Exercise: Please output every line of the material as it stands, without the pictures.
:: Available data
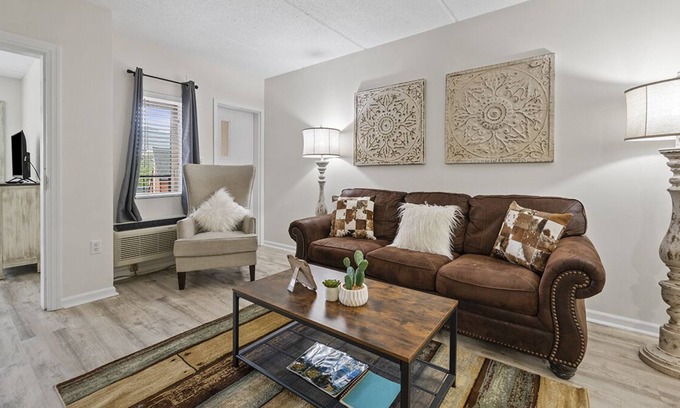 Gatlinburg Condo | 10-Minutes Walk To Gatlinburg Main Attractions W/ Indoor Pool, Hot Tub & Balcony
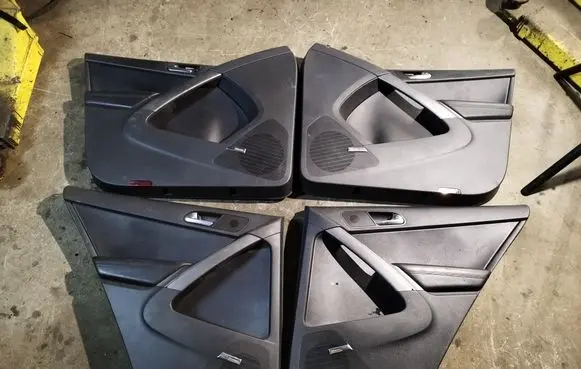Volkswagen Tiguan Door card panel trim set 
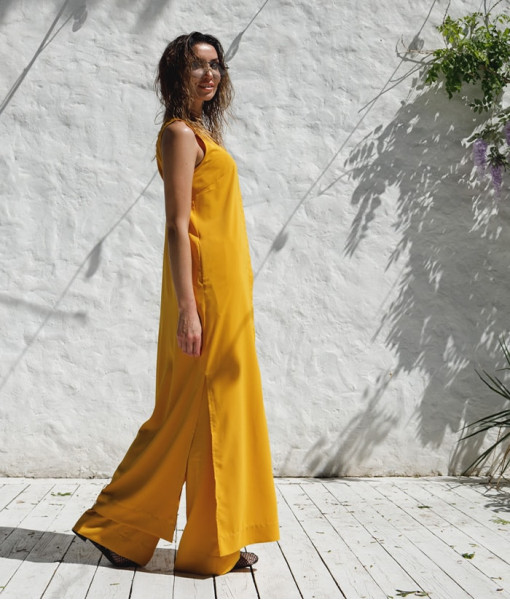 Complete look: A-line dress and flared pants (mustard)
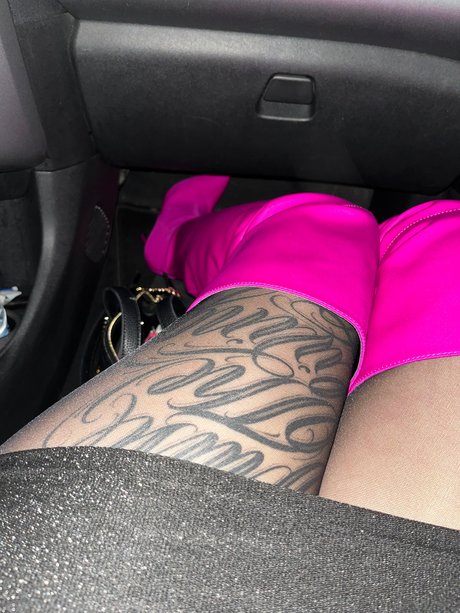 Foto di nudo di fuga di OnlyFans di Akita888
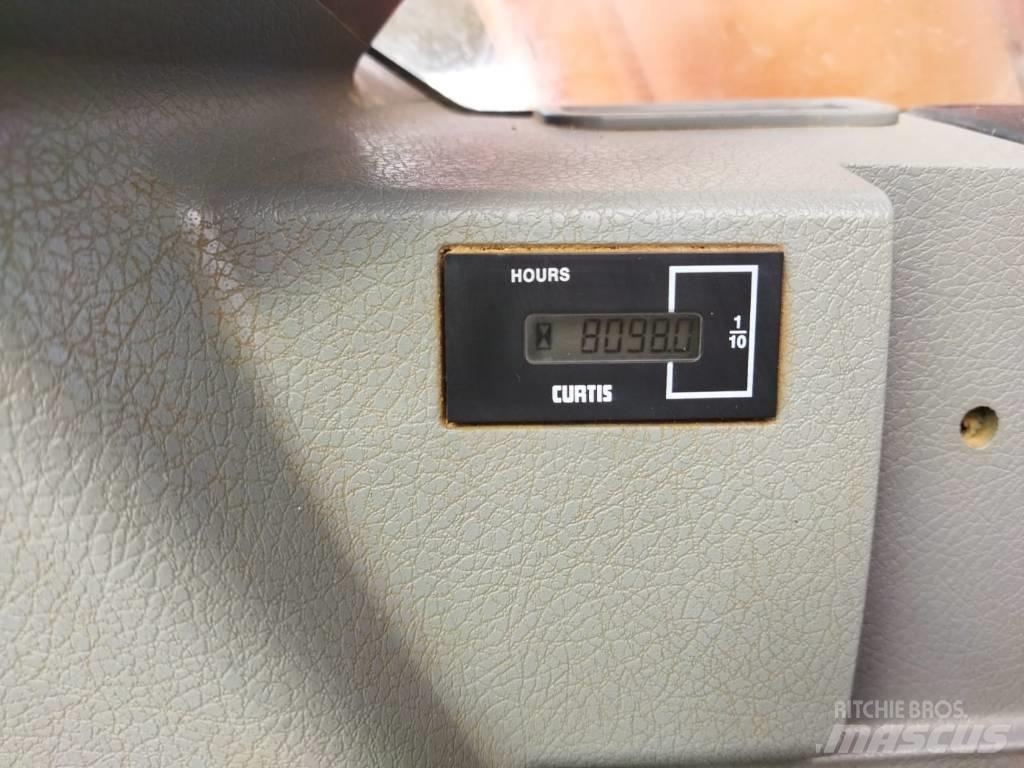 Doosan DX 140 W 轮式挖掘机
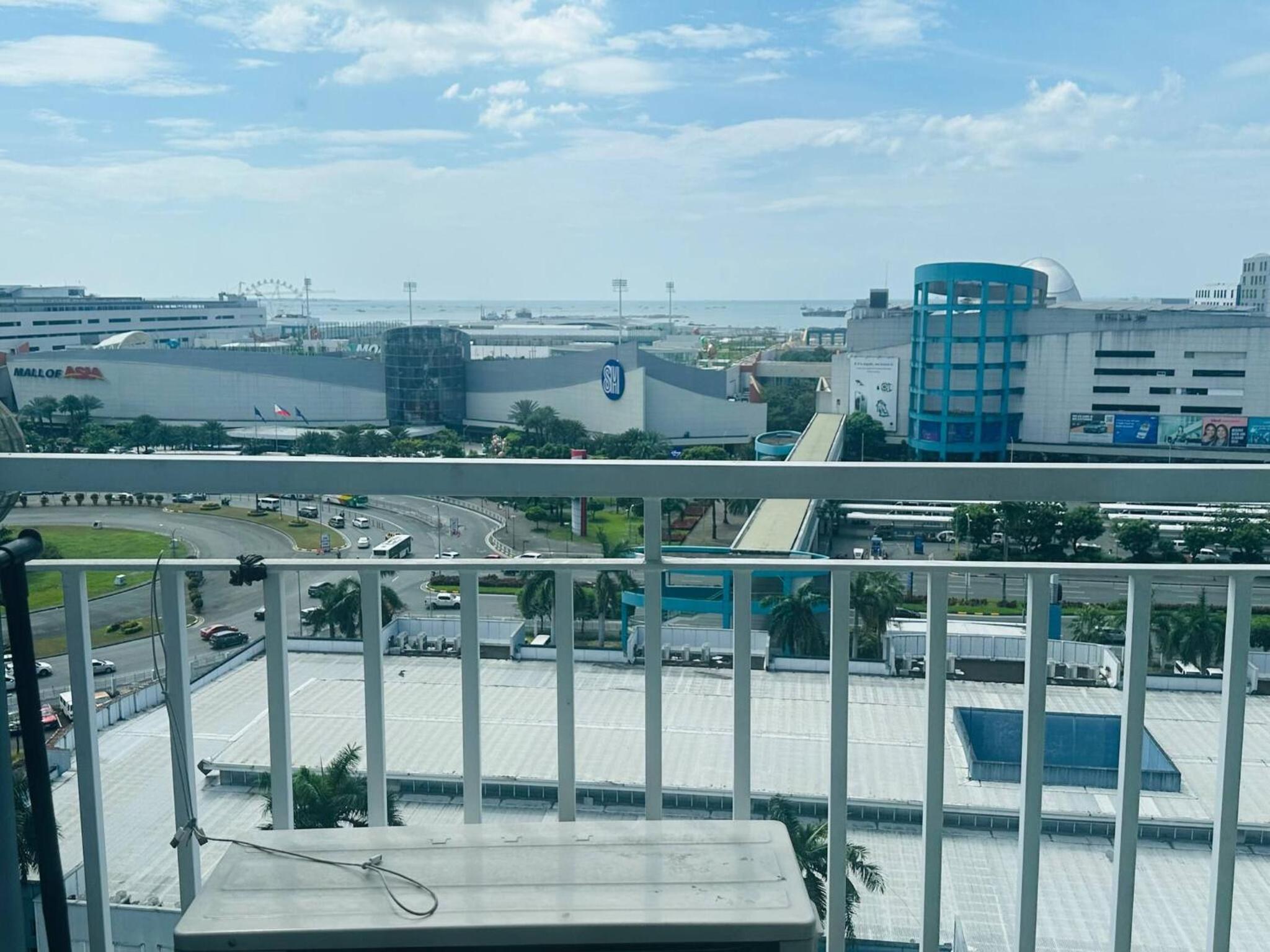 Timeless Pasay City Apartment for Rent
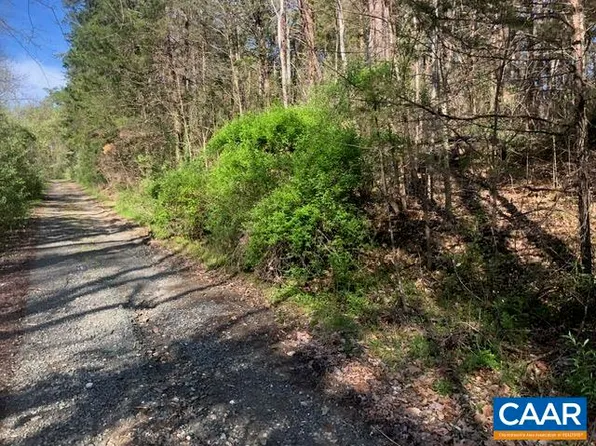 Rockfish Woods Cir, Howardsville, VA 24562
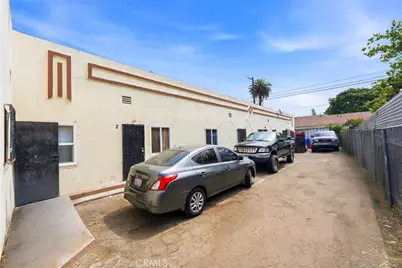 8706 Avalon, Los Angeles, CA 90003 - Photo 11
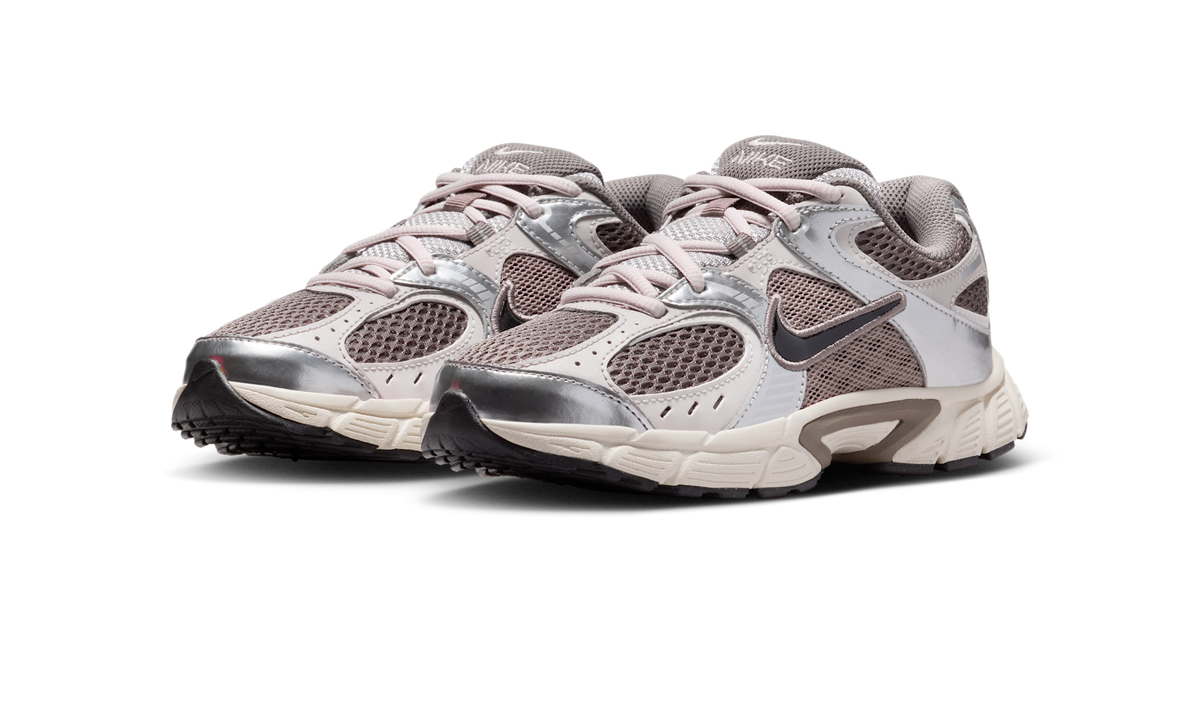 Overkicks - Nike V5 RNR Cave Stone College Grey Vast Grey Black (GS) (HQ6411-200) - imagen 2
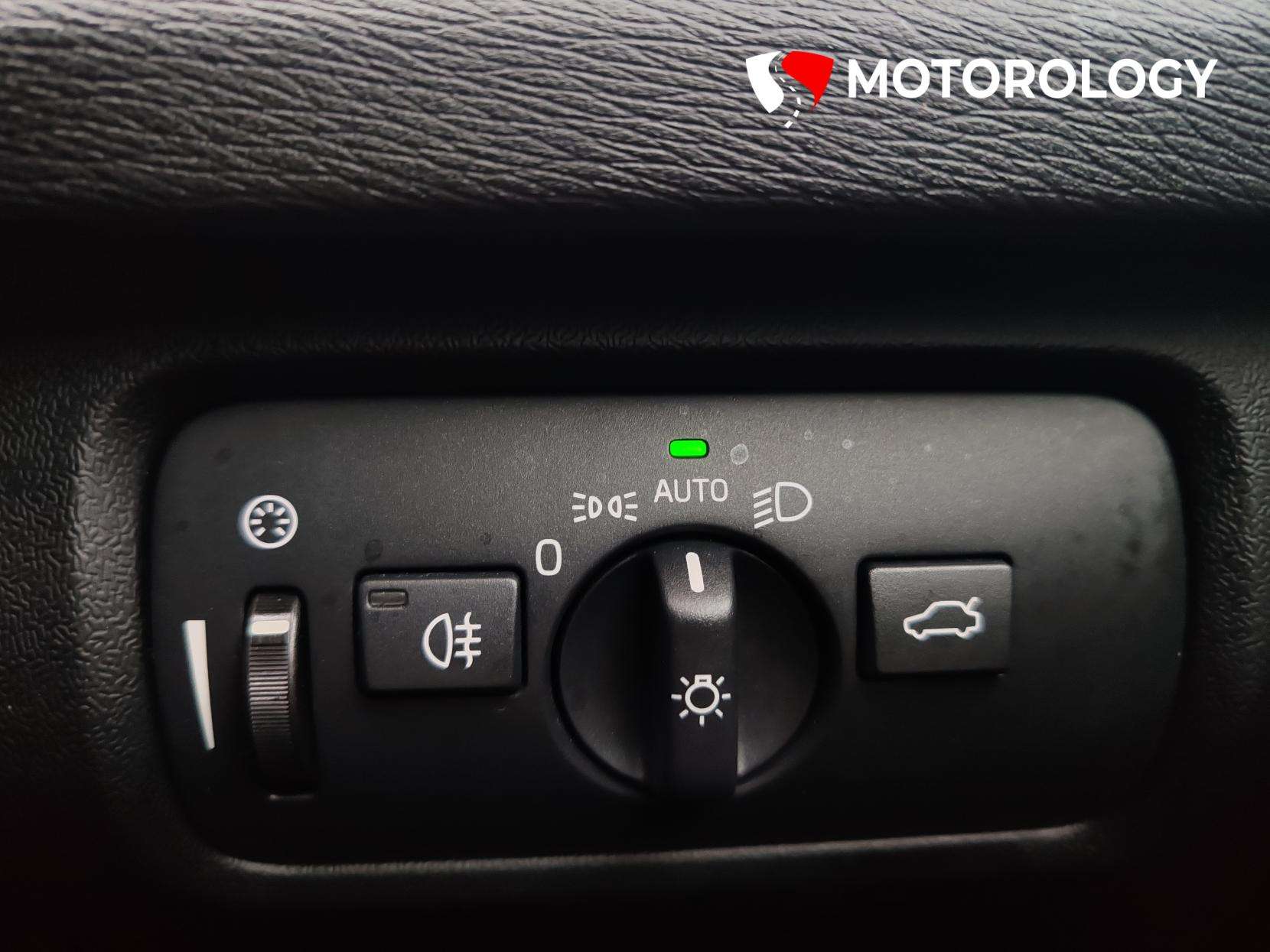 2018 VOLVO V40 2018 VOLVO V40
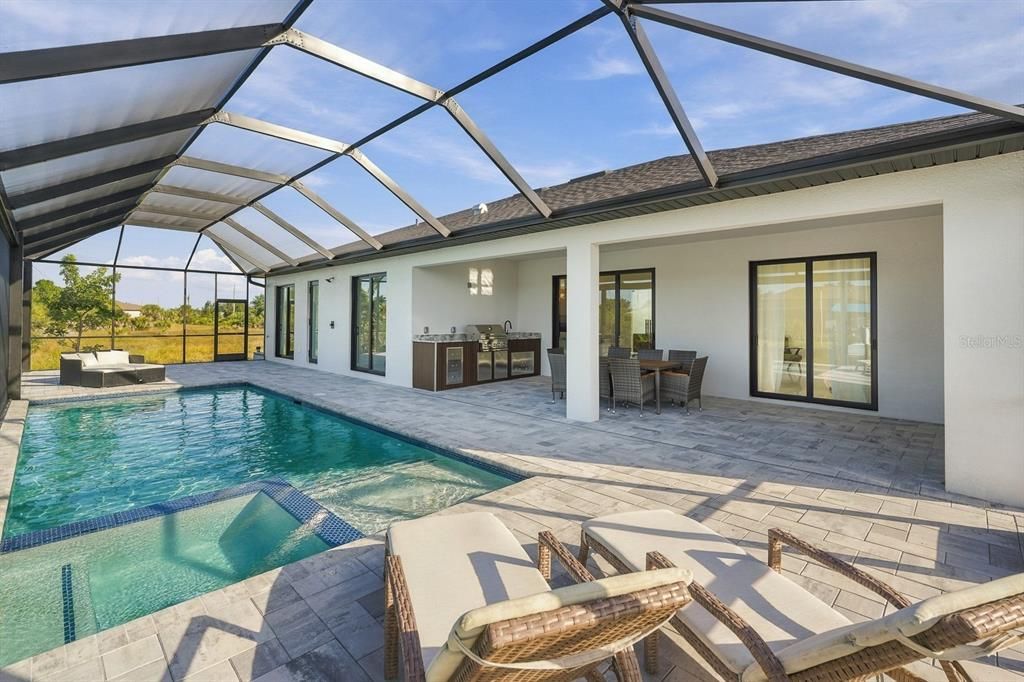 En Venta: $979,000 (3 camas, 3 baños, 2014 Pies cuadrados)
::::
Output of the exercise:
 Gatlinburg Condo | 10-Minutes Walk To Gatlinburg Main Attractions W/ Indoor Pool, Hot Tub & Balcony
Volkswagen Tiguan Door card panel trim set 
 Complete look: A-line dress and flared pants (mustard)
 Foto di nudo di fuga di OnlyFans di Akita888
 Doosan DX 140 W 轮式挖掘机
 Timeless Pasay City Apartment for Rent
 Rockfish Woods Cir, Howardsville, VA 24562
 8706 Avalon, Los Angeles, CA 90003 - Photo 11
 Overkicks - Nike V5 RNR Cave Stone College Grey Vast Grey Black (GS) (HQ6411-200) - imagen 2
 2018 VOLVO V40 2018 VOLVO V40
 En Venta: $979,000 (3 camas, 3 baños, 2014 Pies cuadrados)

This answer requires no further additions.